Running MPRAsnakeflow on HPC Cluster
Snakemake gives us the opportunity to run MPRAsnakeflow in a cluster environment. Please check the Snakemake documentation for more information on how to set up a cluster environment. We use snakemake resources to set the main resources per rule. Most resources are generic and can be used on multipe clusters, environments or even local.

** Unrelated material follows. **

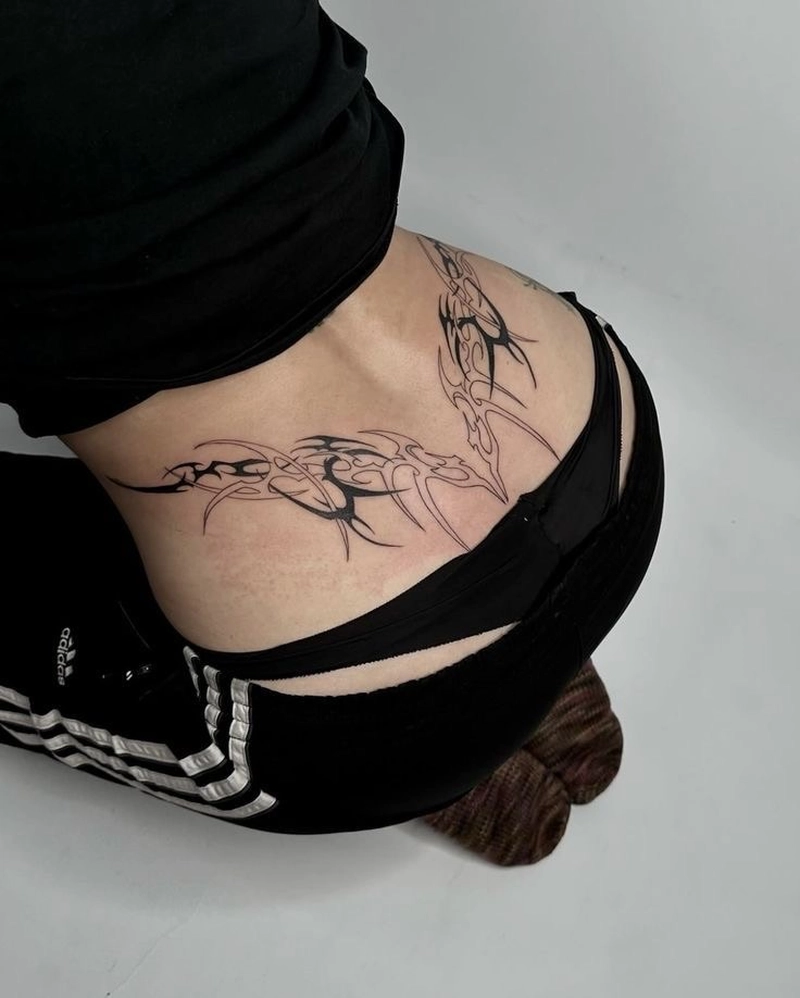 Hình hình xăm succubus mang phong cách tattoo huyền bí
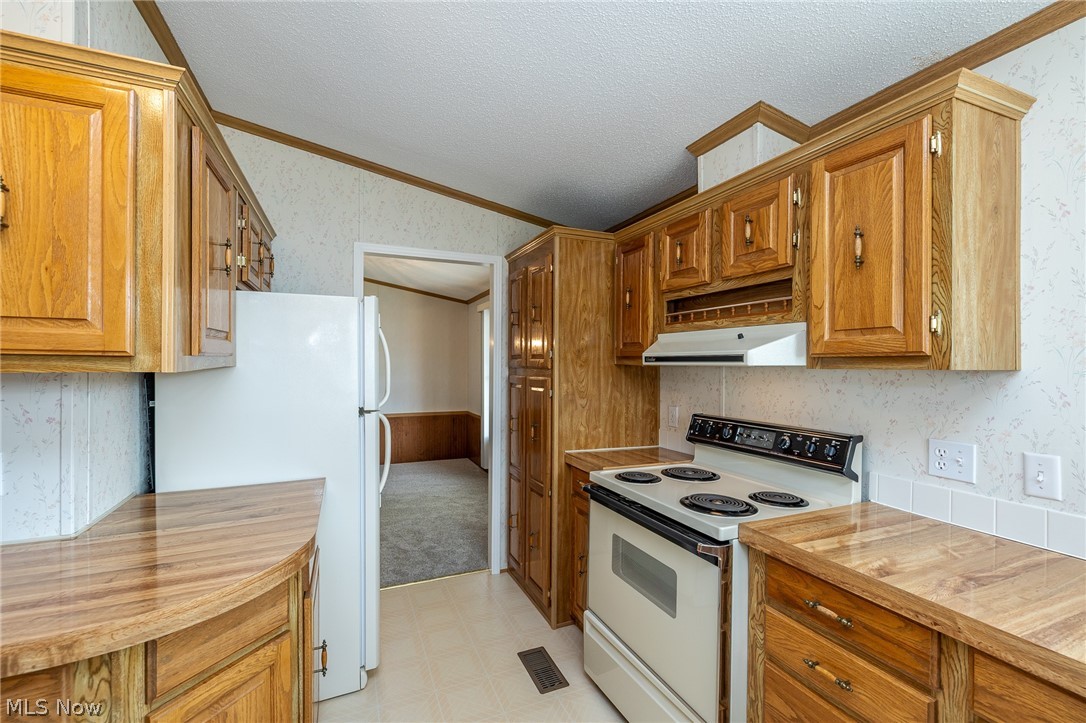 8 Jessica Lane Property Photo 16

We have a preddefined workflow profile with resources: config.yaml:
---
software-deployment-method: conda
default-resources:
slurm_partition: debug
mem: 2G
runtime: 60
# error: "logs/%x_%j_%N.err"
# output: "logs/%x_%j_%N.log"
##################
### ASSIGNMENT ###
##################
set-threads:
assignment_mapping_bwa: 30
assignment_mapping_bbmap: 30
assignment_collect: 30
assignment_collectBCs: 20
assignment_merge: 10
set-resources:
assigned_counts_combined_replicates_barcode_output:
runtime: 60
assignment_check_design:
runtime: 240
slurm_partition: medium
assignment_hybridFWRead_get_reads_by_length:
runtime: 1140
mem: 2G
slurm_partition: medium
assignment_hybridFWRead_get_reads_by_cutadapt:
runtime: 1200
mem: 4G
We used this workflow successfully in a SLURM environment using the slurm excecutor plugin from snakemake. therfore the partition is set with slurm_partition and has to be renamed maybe due to your environment.
Running with resources
having 30 cores and 10GB of memory.
snakemake --sdm conda --configfile config/config.yaml -c 30 --resources mem_mb=10000 --workflow-profile profiles/default
Running on an HPC using SLURM
Using the slurm excecutor plugin running 300 jobs in parallel.
snakemake --sdm conda --configfile config/config.yaml -j 300 --workflow-profile profiles/default --executor slurm
Snakemake 7
Here we used the cluster option which is not anymore avialable in snakemake 8. You can also use the predefined config/sbatch.yaml but this might be outdated and we highly recommend to use resources with the workfloe profile.
snakemake --use-conda --configfile config/config.yaml --cluster "sbatch --nodes=1 --ntasks={cluster.threads} --mem={cluster.mem} -t {cluster.time} -p {cluster.queue} -o {cluster.output}" --jobs 100 --cluster-config config/sbatch.yaml
Please note that the log folder of the cluster environment has to be generated first, e.g:
mkdir -p logs
Note
Please consult your cluster’s wiki page for cluster specific commands and change cluster Options to reflect these specifications. Additionally, for large libraries, more memory can be specified in this location.